DNA Microarrays - The Role Of Bioinformatics

One of the tremendous difficulties in performing any kind of expression analysis is the manipulation of very large amounts of biological data, a field of study called bioinformatics. The usefulness of gene expression data depends on how much information is available for each identified gene. In other words, the identities of the genes associated with each spot on a microarray must be accessible as the analysis is done.

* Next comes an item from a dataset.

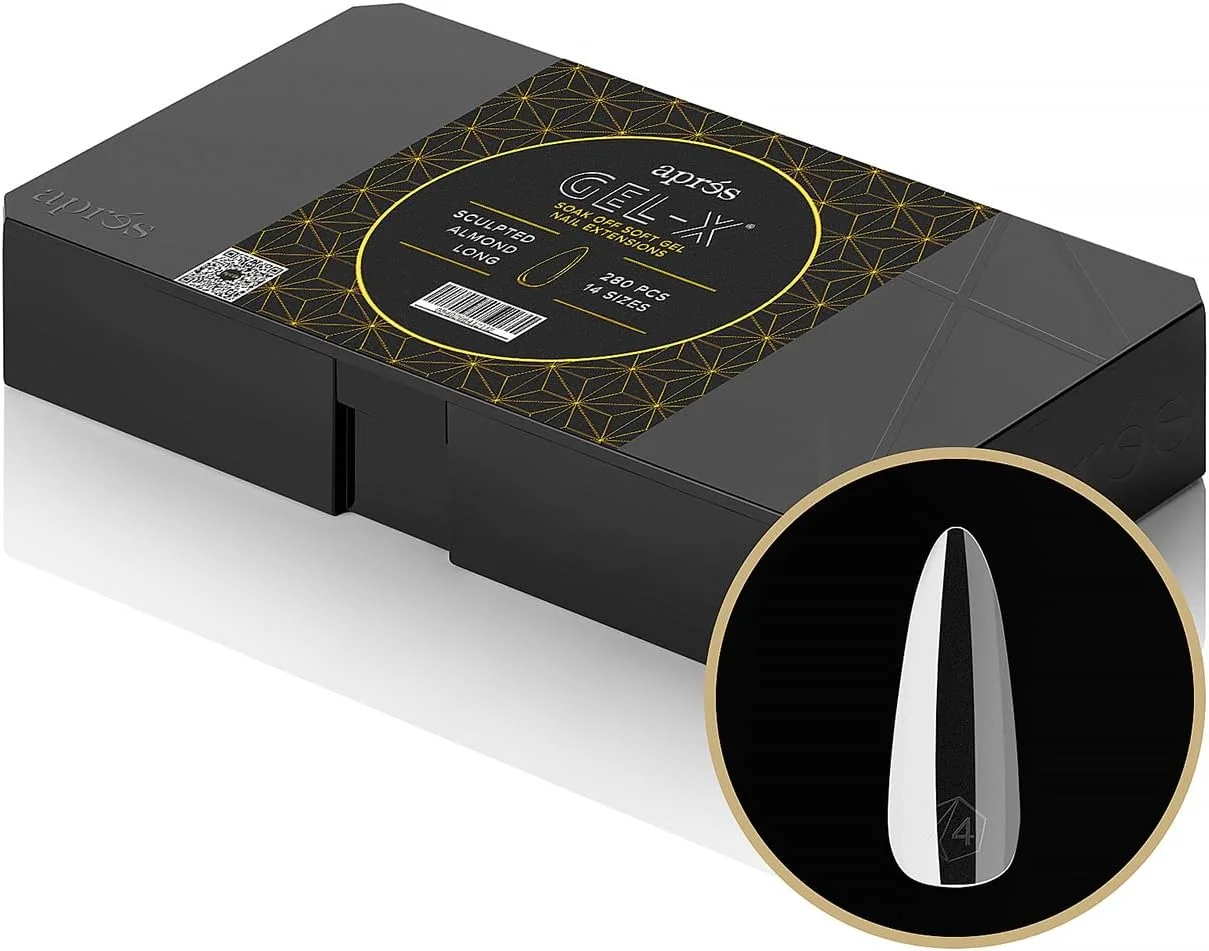 جعبه تیپ ناخن بادامی Aprés Gel-X، شامل 280 تیپ ژل نرم، 14 سایز 00-9، شامل سایزهای نیمه (بادامی بلند تراشیده شده، 280 عدد)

Descriptions and classifications of each gene on the array must be readily available, as no researcher can remember such details about the tens of thousands of genes that may be involved in the analysis. An analysis might be done many times, with slight changes in the parameters of the clustering algorithm each time. The genes that cluster together are examined at the end of each analysis, to look for reproducible patterns. This analysis must be done with the full understanding of the biology of the system being studied. Clusters of genes are most informative if they group in a biologically reasonable way. For this reason, microarray expression analysis is frequently exploratory. The results of the analysis are used to suggest additional, corroborative experiments.

Another bioinformatics challenge in gene expression studies is collecting information about the samples under analysis and storing the information in databases. If gene expression patterns of one hundred different tumor samples are being examined, it may be necessary to restrict the analysis to subgroups of the tumors in order to observe patterns in the data. This subgrouping or stratification of the samples is best performed on the basis of independently determined properties of those samples. For example, samples from only metastatic cancer cells could be grouped together for analysis and compared with those from nonmetastatic cancer cells, or the age of the patient at the onset of disease could be used to segregate the samples into different groups. Such subgroup analysis can only be done if complete information is collected and stored for all samples.